The Museum of Conditional Surrender
The Museum of Unconditional Surrender in TENT is een tentoonstelling van curatorial fellow Niekolaas Johannes Lekkerkerk over het tentoonstellen. Met werk van tien kunstenaars probeert hij de hiërarchie tussen gepresenteerde objecten en de dienende objecten die de presentatie mogelijk maken te verwerpen.
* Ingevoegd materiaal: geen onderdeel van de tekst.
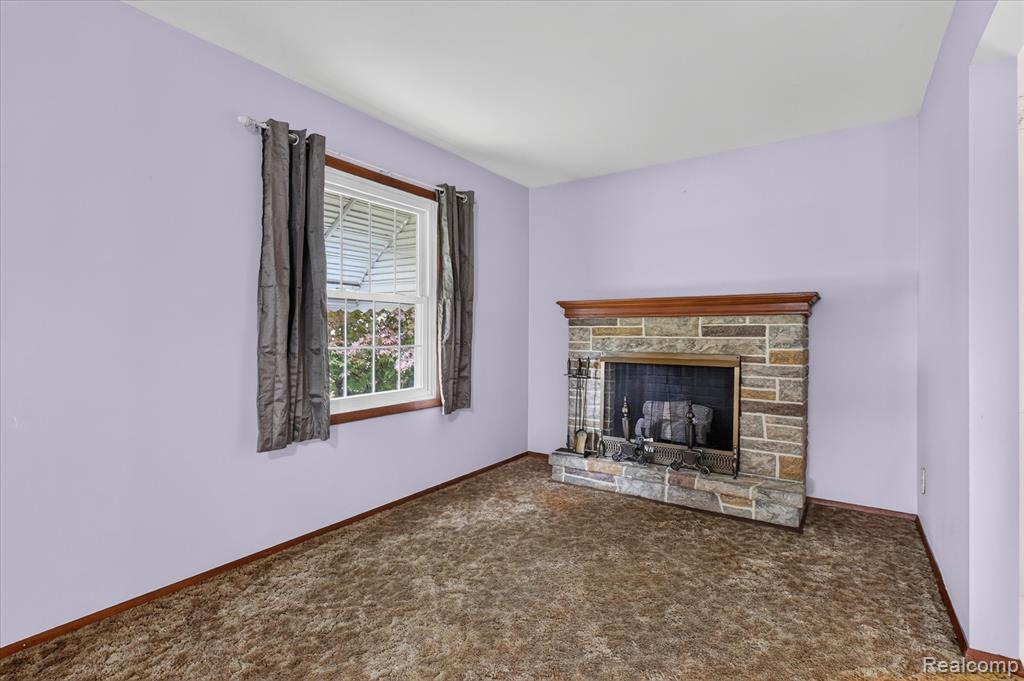 302 Miami Court Property Photo 13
De titel van de tentoonstelling verwijst naar een passage uit het gelijknamige boek van Dubravka Ugreši? uit 1998. De auteur beschrijft een vitrine in een Berlijnse dierentuin waarin objecten die zijn gevonden in de maag van een walrus zijn opgesteld. De objecten zijn per toeval bijeengebracht door de gezonde eetlust van de walrus, maar toch lijken ze een diepgaande relatie met elkaar aan te gaan, zo opgesteld in een vitrine.
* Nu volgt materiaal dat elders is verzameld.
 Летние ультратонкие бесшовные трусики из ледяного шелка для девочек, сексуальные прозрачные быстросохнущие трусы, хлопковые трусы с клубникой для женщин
Wie de tentoonstelling in Rotterdam binnenstapt, stuit op een witte wand. Terwijl je nadenkt over waar je het eerst wilt gaan kijken draait deze wand heel langzaam om zijn as. Zo verandert dit werk van Simon Kentgens haast ongemerkt de hele ruimte. Door de normaal statische witte wanden tot leven te wekken confronteert hij de bezoeker op subtiele wijze met de geconstrueerde realiteit van een tentoonstelling. Het uitgangspunt van de The Museum of Unconditional Surrender is dan ook de manier waarop een museale opstelling de blik en het denken van de bezoeker stuurt.
Hoewel de vorm waarin inhoud gepresenteerd wordt het onderwerp is, laat de tentoonstelling zelf op dit punt te wensen over. Er zijn geen zaalteksten, objectteksten of titelbordjes te vinden. Om erachter te komen welke kunstenaar achter een werk zit, of wat de titel is, ben je overgeleverd aan de wat onhandige brochure waarin de werken kriskras door elkaar worden toegelicht. In een korte tekst stelt Lekkerkerk dat de tentoonstelling het ‘tentoonstellingsobject opnieuw onderhandelt’ en ‘geïmpliceerde hiërarchieën en taxonomieën […] doorsnijdt’. Dit zou leiden tot het wegvallen van de scheidingen tussen objecten en personen die binnen de context van een tentoonstellingsruimte gelden. Dat belooft wat.
Lekkerkerk vooronderstelt hierbij een hardnekkige scheiding tussen bezoeker en kunstwerk. De vraag is of die scheiding wel zo scherp is; de rol van de beschouwer bij de totstandkoming van een kunstwerk is immers algemeen erkend. Net als de sturende rol van het instituut en de conventies van de presentatie. Op welke hiërarchieën precies wordt gedoeld en waarom deze onwenselijk zijn, wordt niet duidelijk. De tentoonstellingstekst roept daarom meer vragen op dan dat deze antwoorden biedt, en staat juist de beoogde non-hiërarchische samenkomst van personen en objecten in de weg.
Veel van het werk in de tentoonstelling blijkt zich bovendien niet af te zetten tegen de bestaande hiërarchieën. De kunstenaars lijken juist eerder de conventies van het tentoonstellen als uitgangspunt te nemen en hier kracht uit te putten. Neem bijvoorbeeld Wesley Meuris. Hij onderzoekt in zijn werk BASIN (2014) de manier waarop tentoonstellingen worden vormgegeven. BASIN bestaat uit twee witte betegelde bassins gevuld met water dat wordt rondgepompt door een fonteintje. Enerzijds komen de objecten bekend voor; we zien dit soort bassins bij hotels, zwembaden of misschien moskeeën. Maar tegelijkertijd ogen ze misplaatst in de tentoonstellingsruimte. In deze context worden de objecten ambigu en verwerven ze een status tussen decoratief, functioneel (kritisch) en autonoom in.
Door het tentoonstellen als onderwerp te nemen en tegelijkertijd kracht te putten uit de context die de tentoonstelling biedt, komt Meuris tot een bewuste en zinvolle benadering van deze ruimte. Er is geen sprake van het omvergooien van hiërarchieën, noch van een onvoorwaardelijke overgave. In zijn werk blijkt juist de bewuste acceptatie van de context cruciaal.